§ MATERIAL SHOWN:
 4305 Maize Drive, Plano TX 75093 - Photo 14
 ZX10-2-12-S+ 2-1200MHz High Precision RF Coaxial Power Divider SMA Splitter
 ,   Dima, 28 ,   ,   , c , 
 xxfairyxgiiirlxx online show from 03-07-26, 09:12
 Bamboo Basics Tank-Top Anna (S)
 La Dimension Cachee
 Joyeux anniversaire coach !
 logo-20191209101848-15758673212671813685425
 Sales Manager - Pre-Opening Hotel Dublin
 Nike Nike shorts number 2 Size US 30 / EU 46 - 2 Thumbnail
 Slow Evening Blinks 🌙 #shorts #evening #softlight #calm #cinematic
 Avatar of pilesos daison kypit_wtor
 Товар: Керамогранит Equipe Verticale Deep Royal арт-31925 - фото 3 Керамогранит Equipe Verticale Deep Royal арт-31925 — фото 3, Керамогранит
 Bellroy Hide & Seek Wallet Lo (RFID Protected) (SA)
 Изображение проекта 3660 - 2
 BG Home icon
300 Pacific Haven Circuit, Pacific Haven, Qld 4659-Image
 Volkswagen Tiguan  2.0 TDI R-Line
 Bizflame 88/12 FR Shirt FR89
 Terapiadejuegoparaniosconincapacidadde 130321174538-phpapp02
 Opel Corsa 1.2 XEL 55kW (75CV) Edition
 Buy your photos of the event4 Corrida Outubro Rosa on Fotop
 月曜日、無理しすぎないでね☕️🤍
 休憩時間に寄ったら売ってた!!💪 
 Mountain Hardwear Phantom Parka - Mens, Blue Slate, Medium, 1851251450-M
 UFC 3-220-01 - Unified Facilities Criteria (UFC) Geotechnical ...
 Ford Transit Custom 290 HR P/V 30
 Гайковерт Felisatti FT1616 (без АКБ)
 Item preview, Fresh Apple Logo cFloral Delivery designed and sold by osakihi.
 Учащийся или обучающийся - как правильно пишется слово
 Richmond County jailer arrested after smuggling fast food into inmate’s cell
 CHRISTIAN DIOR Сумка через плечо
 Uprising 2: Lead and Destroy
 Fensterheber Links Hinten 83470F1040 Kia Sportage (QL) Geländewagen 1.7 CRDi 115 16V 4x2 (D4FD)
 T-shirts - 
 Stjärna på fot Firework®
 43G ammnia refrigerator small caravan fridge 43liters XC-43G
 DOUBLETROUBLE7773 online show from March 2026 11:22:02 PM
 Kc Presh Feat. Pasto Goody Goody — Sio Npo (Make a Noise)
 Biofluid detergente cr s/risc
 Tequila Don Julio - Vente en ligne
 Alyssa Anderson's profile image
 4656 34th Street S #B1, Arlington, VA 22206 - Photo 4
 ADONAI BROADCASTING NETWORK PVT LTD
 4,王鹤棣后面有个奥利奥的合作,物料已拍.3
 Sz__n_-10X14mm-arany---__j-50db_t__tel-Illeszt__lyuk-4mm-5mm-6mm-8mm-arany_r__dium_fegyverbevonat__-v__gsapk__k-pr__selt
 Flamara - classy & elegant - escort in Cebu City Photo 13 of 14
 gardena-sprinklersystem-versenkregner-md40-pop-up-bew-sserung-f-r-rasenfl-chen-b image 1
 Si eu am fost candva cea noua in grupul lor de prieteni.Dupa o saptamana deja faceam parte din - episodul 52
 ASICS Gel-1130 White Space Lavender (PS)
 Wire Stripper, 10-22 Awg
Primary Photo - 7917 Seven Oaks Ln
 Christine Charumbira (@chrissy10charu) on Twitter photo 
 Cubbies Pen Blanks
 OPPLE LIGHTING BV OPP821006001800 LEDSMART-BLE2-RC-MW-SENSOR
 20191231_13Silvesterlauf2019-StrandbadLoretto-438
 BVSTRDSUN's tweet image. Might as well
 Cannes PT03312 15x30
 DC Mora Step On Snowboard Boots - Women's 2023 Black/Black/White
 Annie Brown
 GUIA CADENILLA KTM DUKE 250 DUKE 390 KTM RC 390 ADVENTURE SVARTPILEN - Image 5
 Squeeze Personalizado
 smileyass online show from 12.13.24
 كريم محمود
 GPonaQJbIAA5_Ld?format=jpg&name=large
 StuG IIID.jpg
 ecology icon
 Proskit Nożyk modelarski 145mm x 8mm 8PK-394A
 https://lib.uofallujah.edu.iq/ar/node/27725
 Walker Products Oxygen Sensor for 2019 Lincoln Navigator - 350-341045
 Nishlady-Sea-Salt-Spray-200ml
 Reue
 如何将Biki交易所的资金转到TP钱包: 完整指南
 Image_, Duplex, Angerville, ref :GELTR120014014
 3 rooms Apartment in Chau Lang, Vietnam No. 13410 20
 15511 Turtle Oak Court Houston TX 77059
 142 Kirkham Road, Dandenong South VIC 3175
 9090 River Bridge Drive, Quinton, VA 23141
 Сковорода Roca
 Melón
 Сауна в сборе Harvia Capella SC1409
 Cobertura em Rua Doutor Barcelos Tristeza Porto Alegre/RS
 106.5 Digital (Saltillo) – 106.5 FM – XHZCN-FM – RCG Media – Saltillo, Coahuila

§ TASK GOAL: Going back to the entries above, set down exactly the lines that begin at the one with "Sales Manager - Pre-Opening Hotel Dublin" and end at the one with "休憩時間に寄ったら売ってた!!💪", both included, and nothing else.

§ FINISHED EXERCISE:
 Sales Manager - Pre-Opening Hotel Dublin
 Nike Nike shorts number 2 Size US 30 / EU 46 - 2 Thumbnail
 Slow Evening Blinks 🌙 #shorts #evening #softlight #calm #cinematic
 Avatar of pilesos daison kypit_wtor
 Товар: Керамогранит Equipe Verticale Deep Royal арт-31925 - фото 3 Керамогранит Equipe Verticale Deep Royal арт-31925 — фото 3, Керамогранит
 Bellroy Hide & Seek Wallet Lo (RFID Protected) (SA)
 Изображение проекта 3660 - 2
 BG Home icon
300 Pacific Haven Circuit, Pacific Haven, Qld 4659-Image
 Volkswagen Tiguan  2.0 TDI R-Line
 Bizflame 88/12 FR Shirt FR89
 Terapiadejuegoparaniosconincapacidadde 130321174538-phpapp02
 Opel Corsa 1.2 XEL 55kW (75CV) Edition
 Buy your photos of the event4 Corrida Outubro Rosa on Fotop
 月曜日、無理しすぎないでね☕️🤍
 休憩時間に寄ったら売ってた!!💪 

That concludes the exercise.